Rappel essentiel encore, lorsqu’il nous explique en quoi recourir au protectionnisme consiste à abaisser le pouvoir d’achat de la population, dans la mesure où ceux qui paient les droits de douane ne sont pas les concurrents étrangers de nos entreprises mais les consommateurs européens. Il en va de même des dévaluations (dont la sortie de l’euro pour les grecs évoquée par certains) ou encore de la TVA sociale, tous instruments keynésiens traditionnels contre lesquels Jean-Marc Daniel nous met en garde.

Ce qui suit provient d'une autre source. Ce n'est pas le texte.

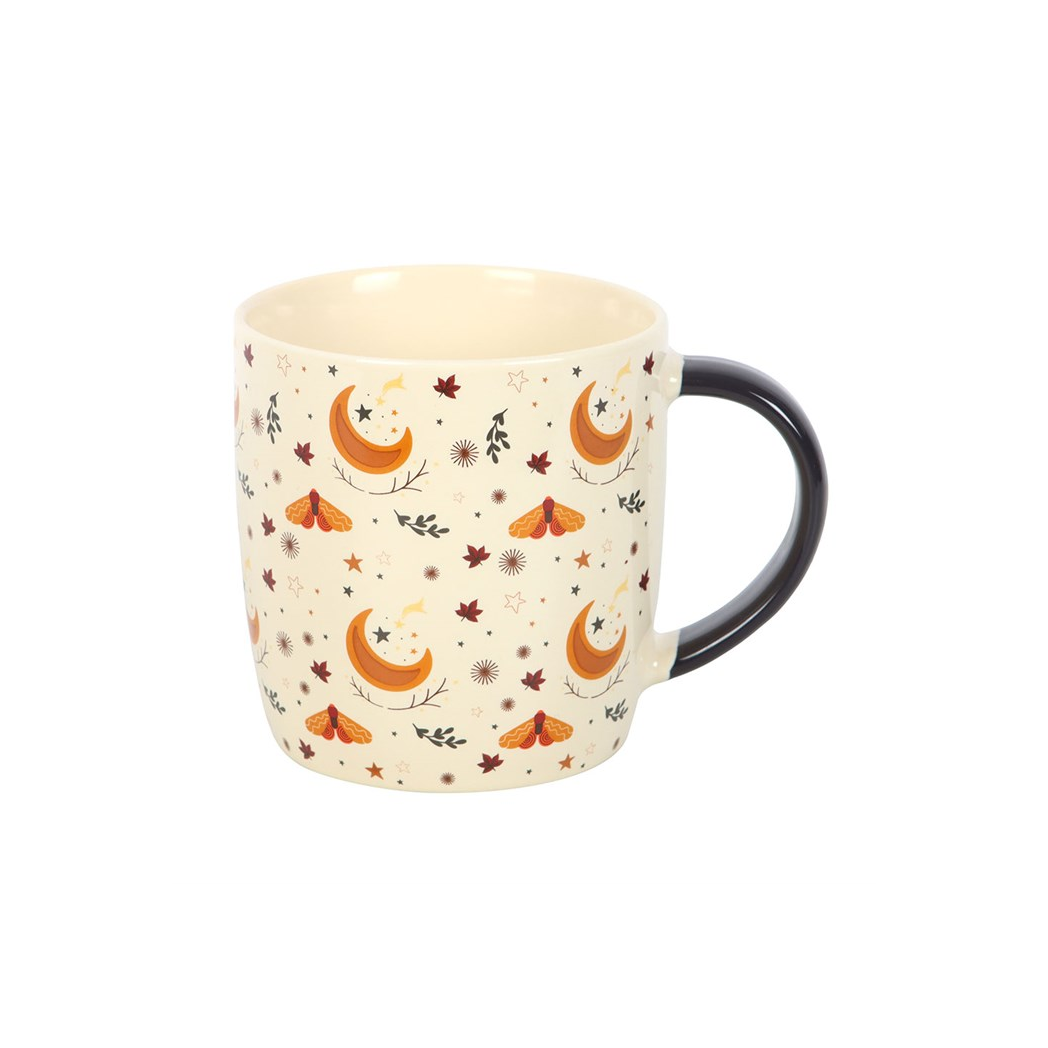 Autumn Magic Harvest Moon Print Mug N/A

Pour finir, dans un dernier chapitre, Jean-Marc Daniel nous donne son analyse de la crise économique actuelle en France et les solutions qu’il propose pour y remédier.

Les critiques des politiques menées par les différents gouvernements sont sans concession, y compris celle des gouvernements Sarkozy, ou avant lui Chirac. Une vraie réflexion de fond, pas du tout soumise aux impératifs politiques, mais qui s’inscrit bien plutôt dans la durée.